**Instructions to follow**
Output the data unchanged and complete, minus the images.

**Provided material**
= Beginning of Section =
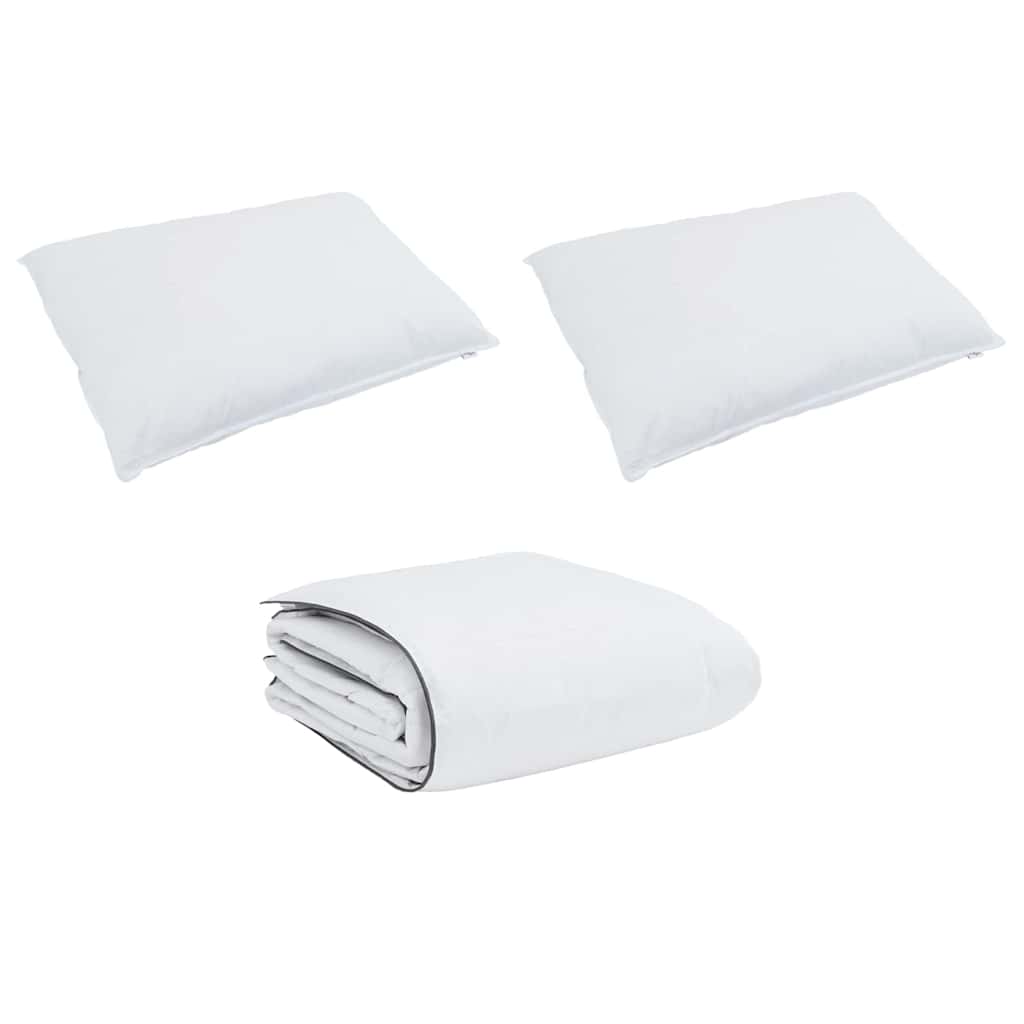 Bettdecken Set mit Kissen 3 pcs Weiß Mikrofaser und Baumwolle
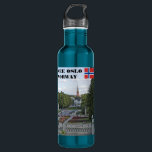 Garrafa Ver Oslo Norway Vigeland viagem souvenir<br><div class="desc">Noruega Escandinávia,  Oslo Vigeland Park,  bandeira norueguesa,  viagem souvenir,  garrafa de água. Você pode adicionar seu próprio texto.</div>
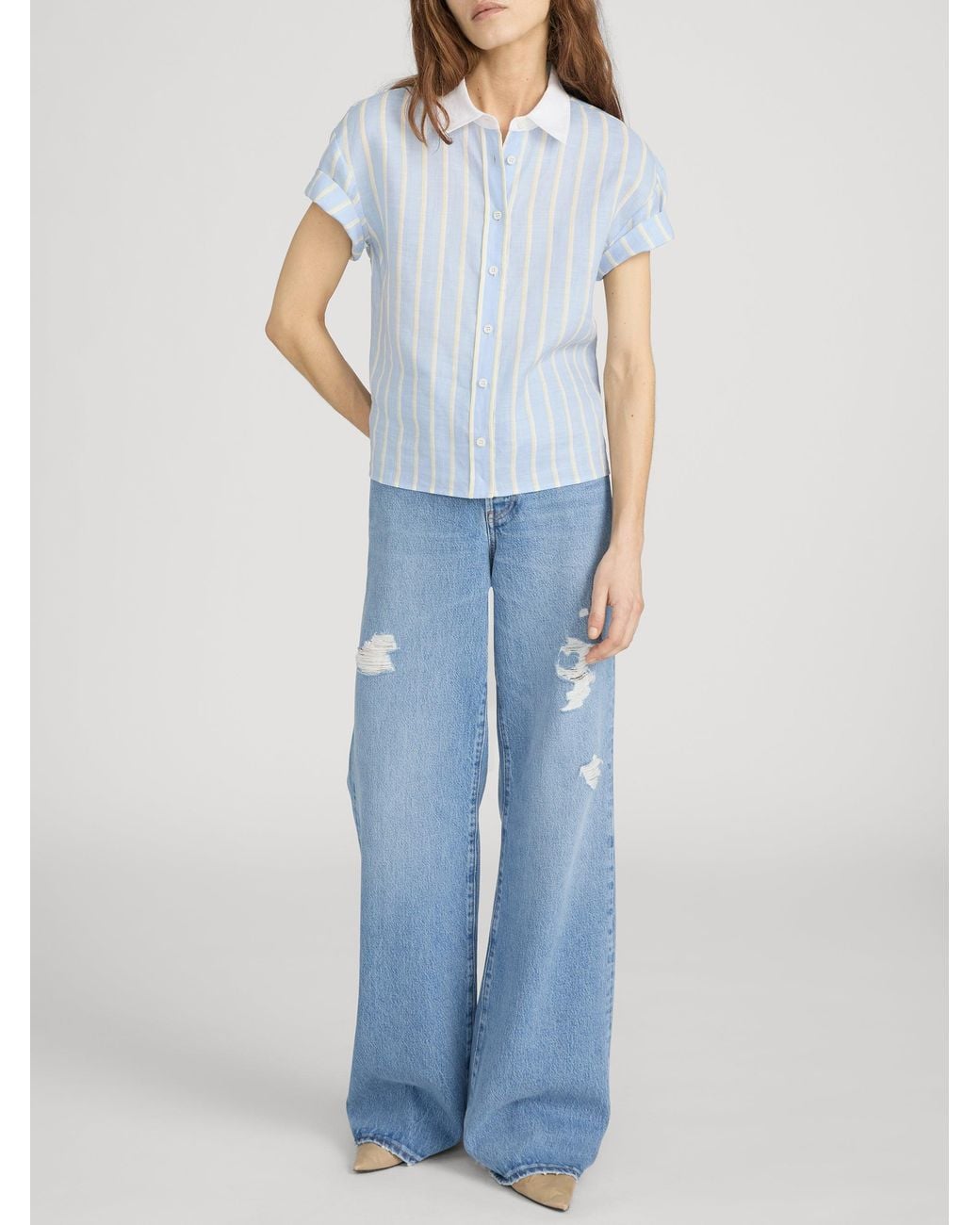 FRAME Blue The Linen Boardwalk Shirt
= End of Section =
**Task solution**
 Bettdecken Set mit Kissen 3 pcs Weiß Mikrofaser und Baumwolle
 Garrafa Ver Oslo Norway Vigeland viagem souvenir<br><div class="desc">Noruega Escandinávia,  Oslo Vigeland Park,  bandeira norueguesa,  viagem souvenir,  garrafa de água. Você pode adicionar seu próprio texto.</div>
 FRAME Blue The Linen Boardwalk Shirt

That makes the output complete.